→ **Brief**
For the listing below, output exactly the lines from the line with "two person on" up to and including the line with "NINTENDO DS LITE", and no other lines.

→ **Records for this exercise**
- Opening Delimiter -

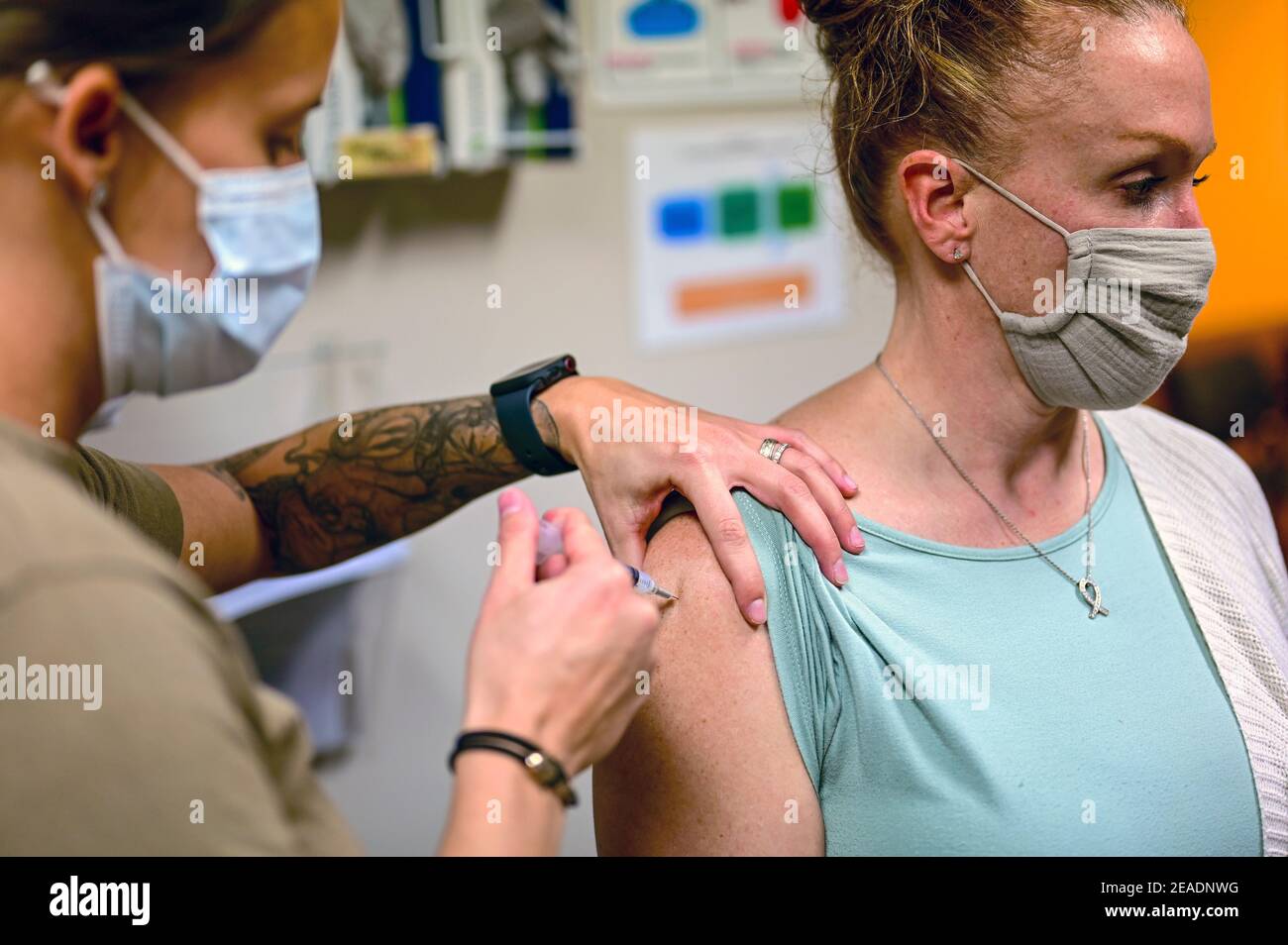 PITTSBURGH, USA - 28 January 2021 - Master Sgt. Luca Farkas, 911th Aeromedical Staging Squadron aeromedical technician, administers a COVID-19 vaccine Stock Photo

- Closing Delimiter -
- Opening Delimiter -

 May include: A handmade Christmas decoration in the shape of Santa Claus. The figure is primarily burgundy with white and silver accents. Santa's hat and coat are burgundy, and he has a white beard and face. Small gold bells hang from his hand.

- Closing Delimiter -
- Opening Delimiter -

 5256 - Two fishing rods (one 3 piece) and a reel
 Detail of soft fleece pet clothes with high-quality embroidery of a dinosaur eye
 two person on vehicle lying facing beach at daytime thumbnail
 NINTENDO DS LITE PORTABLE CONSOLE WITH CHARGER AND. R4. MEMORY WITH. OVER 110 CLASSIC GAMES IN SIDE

- Closing Delimiter -

→ **Solution for this exercise**
 two person on vehicle lying facing beach at daytime thumbnail
 NINTENDO DS LITE PORTABLE CONSOLE WITH CHARGER AND. R4. MEMORY WITH. OVER 110 CLASSIC GAMES IN SIDE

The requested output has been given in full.